36 I should add that there was no suggestion that anything that was said at the meeting of 12 December 2000 by Mr Gray was accidental, unintended or without instructions.
37 As to the third question, the occasion of the meeting was not privileged. The applicants decided to communicate the substance of a privileged communication to the ACCC. As between the applicants and the ACCC there was a non-privileged disclosure. A note was made by an ACCC officer.
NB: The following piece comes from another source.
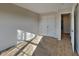 Bedroom featuring neutral walls, carpet flooring, and double door closet with sunlight streaming in at 11144 Echo Trl, Indianapolis, IN 46236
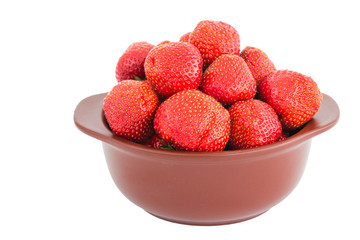 fresh strawberries in clay bowl isolated over white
The making of such a note was no doubt something which was foreseeable and foreseen. The ACCC was being asked to act on the communication. The note was a record of a non-privileged communication made with the consent of the parties at the meeting. The note is simply not privileged.
38 Whether or not the limited disclosure to the ACCC on a non-privileged occasion works any wider waiver, such as to the original advice of counsel (cf Goldberg v Ng (1995)185 CLR 83) is not an issue before us. The only issue is whether the record of a non-privileged communication made by the recipient of that communication can be treated as privileged because of the existence of antecedent privilege in one part of the subject matter of the communication. In my view it is not. Mr Gray told the ACCC of the substance of counsel's advice. That communication was not privileged. A record of that non-privileged communication was made. That record was and is not privileged. It should be produced.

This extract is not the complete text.